I gave birth for the first time in New York City, brought my baby home in a taxi and spent two glorious years strolling through parks and museums. I thought we'd be an urban family, thriving on the energy of the city, lulled to sleep by distant sirens and the rumble of passing trains, but a second baby and private school tuition drove us out.
Finding the right suburb for our family took some time.
We were house poor in New Jersey and miserable in an Ohio McMansion. In the Oak Park area, we found our ideal town: River Forest is close enough to the city to have some diversity and urban edge, yet distant enough to give us a tiny backyard.
My other children were born in the suburbs. Their infancy was not very different.
They too logged many miles in the stroller, but they played at playgrounds and the library, meeting other babies with whom they will go to school. Finding playgroups for them was actually easier and less transient than in the city.
The steep price of private education drove us out to the suburbs, but attending public school has been an amazing experience. Our oldest two children have thrived in their public school. They have gym every day, as well as a rich music and art programs, and when they walk to school, the crossing guards greet them by name.

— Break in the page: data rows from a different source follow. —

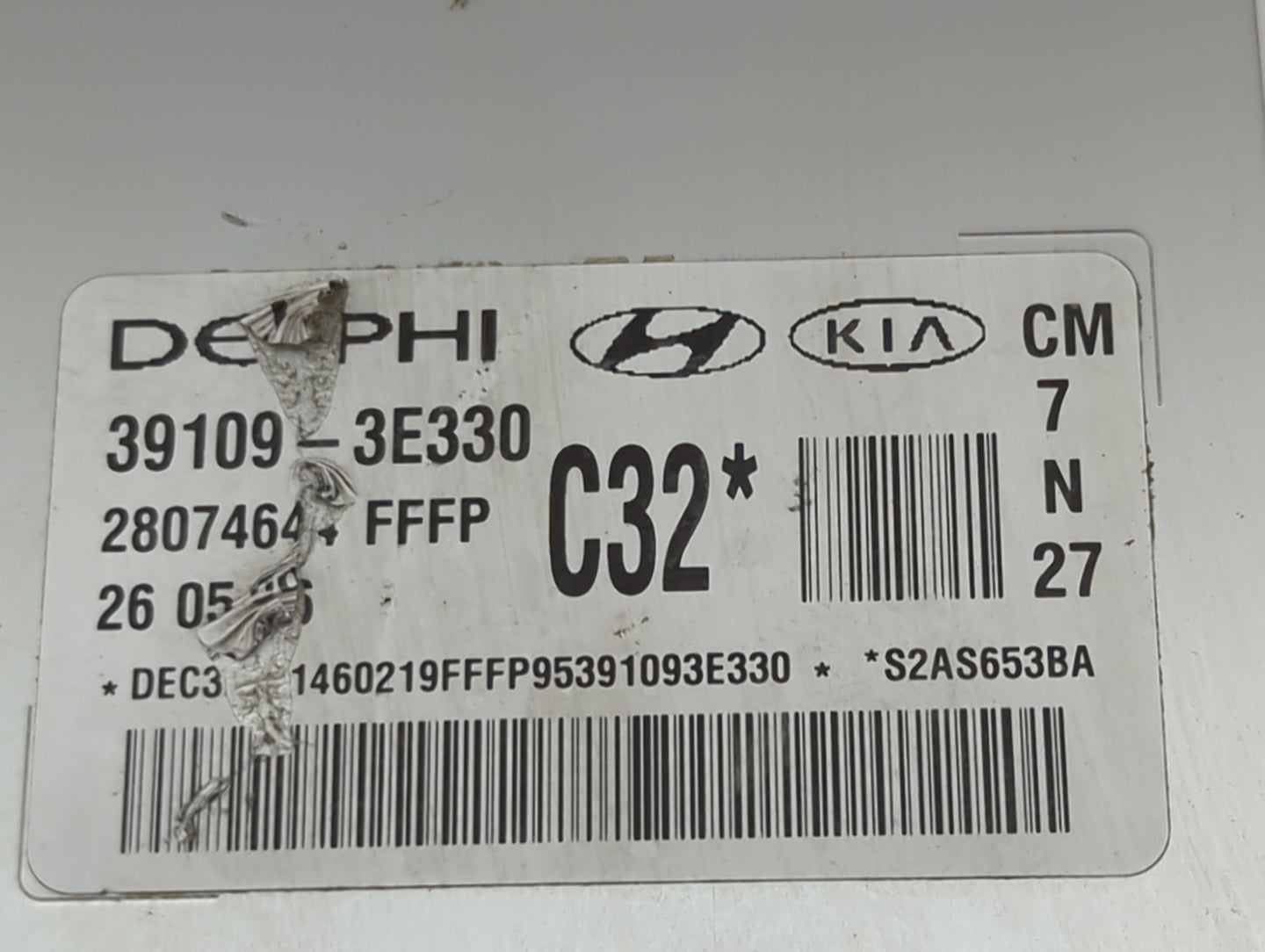 2007-2009 Hyundai Santa Fe PCM Engine Control Computer ECU ECM PCU OEM P/N:39109-3E330 Fits Fits 2007 2008 2009 OEM Used Aut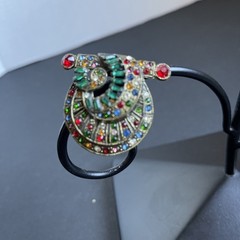 Vintage 1930s Art Deco Czech Rainbow Rhinestone Bar Brooch & Dress Clip Lot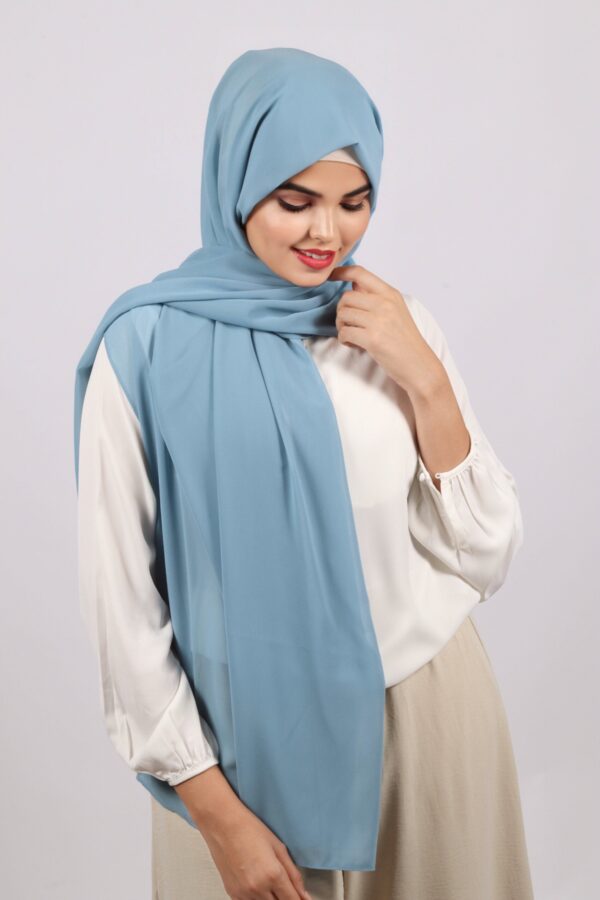 Pearl Blue Premium Chiffon Hijab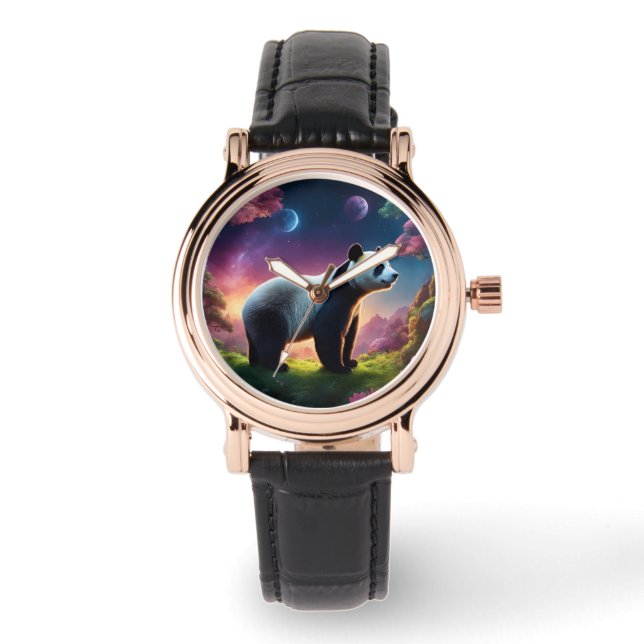 Panda in a Fantasy Garden Watch (Front)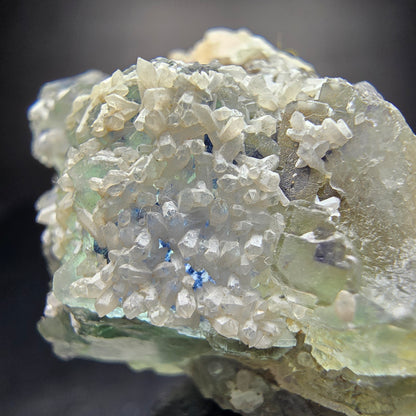 Cube de fluorite fantôme étagé, vert, bleu, violet, Omehane, namibie, 46x28x24mm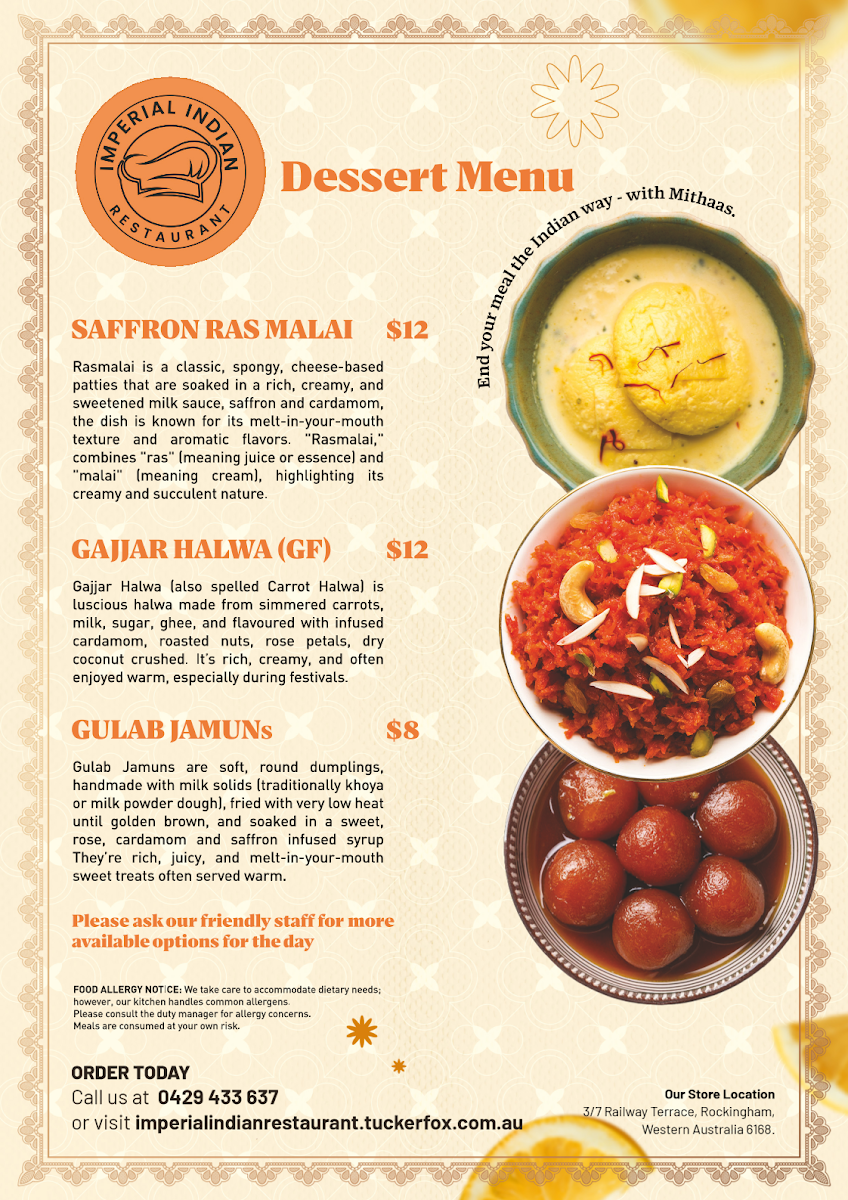 Menu Imperial Indian Restaurant Rockingham-3
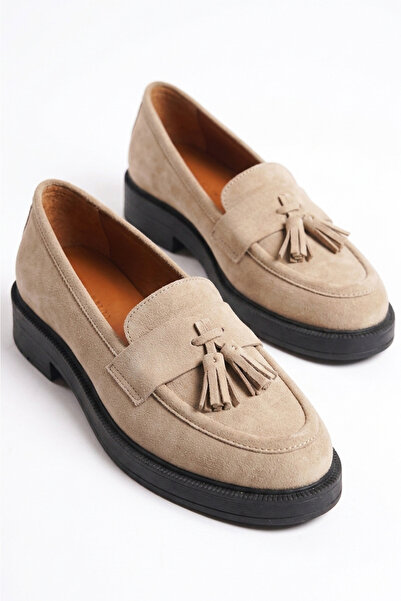 GRADA Γυναικεία Loafer Παπούτσια από Γνήσιο Δέρμα Σουέντ σε Χρώμα Μπεζ με Φού...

In the suburbs, we've been able to make our home the neighborhood hangout house. Our children's friends are always around: in our house, on our teams, and at our local pool. Our house is noisy and busy, but it's a happy chaos that lets me really get to know my children's friends.
Great restaurants and culture are just a few exits away, but being so near Chicago keeps us aware of crime and poverty. Bikes are stolen, shopkeepers are held up at gunpoint and the food pantry has long lines. We enjoy the perks of small town life without losing touch with the urban reality of the Chicago skyline we see from our yard.
I wouldn't want my children growing up any other way.